Mr Ahern’s subtle change in body language seemed to indicate it was an area he was distinctly uncomfortable with.

In the Dáil, on Wednesday, he still seemed unsure on this aspect, but thought, yes, he probably was a minister in Manchester.

On the payment, Mr Ahern mused: “It was a total surprise to me.”

Mr Ahern appears to have been a very fortunate man for parts of his tenure as

Finance Minster in the early 1990s. Indeed, he was something akin to a reluctant bride at a Greek wedding where men would come up and literally pin money to him without his knowledge.

On the TV interview and subsequently, Mr Ahern has said he spoke, unscripted, at the dinner and took part in a question and answer session with the businessmen over a period of some four hours.

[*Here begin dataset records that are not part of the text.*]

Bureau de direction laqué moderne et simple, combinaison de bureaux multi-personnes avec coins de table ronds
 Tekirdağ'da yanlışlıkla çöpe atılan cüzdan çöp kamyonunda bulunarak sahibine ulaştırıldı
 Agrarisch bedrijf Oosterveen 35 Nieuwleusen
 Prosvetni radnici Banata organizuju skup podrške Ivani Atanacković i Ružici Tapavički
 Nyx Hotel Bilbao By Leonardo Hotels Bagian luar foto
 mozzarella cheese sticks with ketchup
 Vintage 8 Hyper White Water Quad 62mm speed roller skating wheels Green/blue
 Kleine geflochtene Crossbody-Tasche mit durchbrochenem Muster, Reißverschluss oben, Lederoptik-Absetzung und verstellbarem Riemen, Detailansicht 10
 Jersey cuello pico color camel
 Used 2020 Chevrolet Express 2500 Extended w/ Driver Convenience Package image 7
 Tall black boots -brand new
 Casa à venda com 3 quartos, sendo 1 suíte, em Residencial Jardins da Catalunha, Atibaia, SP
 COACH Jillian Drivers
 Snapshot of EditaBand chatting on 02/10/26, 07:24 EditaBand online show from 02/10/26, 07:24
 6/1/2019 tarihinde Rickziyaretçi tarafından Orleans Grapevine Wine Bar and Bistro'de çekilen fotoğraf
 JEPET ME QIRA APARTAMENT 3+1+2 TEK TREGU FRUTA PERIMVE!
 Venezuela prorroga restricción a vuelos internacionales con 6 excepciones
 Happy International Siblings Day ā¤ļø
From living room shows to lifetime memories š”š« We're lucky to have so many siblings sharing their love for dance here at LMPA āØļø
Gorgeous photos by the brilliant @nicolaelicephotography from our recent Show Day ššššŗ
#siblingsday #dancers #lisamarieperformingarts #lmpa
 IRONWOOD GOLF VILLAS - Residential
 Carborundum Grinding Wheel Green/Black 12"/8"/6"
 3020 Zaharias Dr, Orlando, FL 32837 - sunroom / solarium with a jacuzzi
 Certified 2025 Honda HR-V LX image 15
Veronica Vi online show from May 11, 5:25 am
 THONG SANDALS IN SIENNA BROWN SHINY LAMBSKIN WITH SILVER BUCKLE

John Kennedy, the Manchester business leader present at the function backed up Mr Ahern’s claim it was a non-political event, but curiously insisted the then Finance Minister never spoke at it.

The final glaring inconsistency to emerge from this bizarre affair is the status of Mr Ahern’s bank accounts. He claims he did not have one in his own name from 1987 to 1993 and did not use the joint ones he had already set up with his wife.

So where did he cash his ministerial pay cheque? Surely it wasn’t over the counter in a Drumcondra pub? In this period, Mr Ahern also told RTÉ he had amassed savings of IR£50,000, which then went on his legal bills and setting up an educational fund for his daughters. Where on earth was this deposited?

Mr Ahern has not just struggled to give answers these past nine days, but also to stick to the same ones eventually forced out of him. Is that why he is so reluctant to tell us how much he got for that Holy Communion?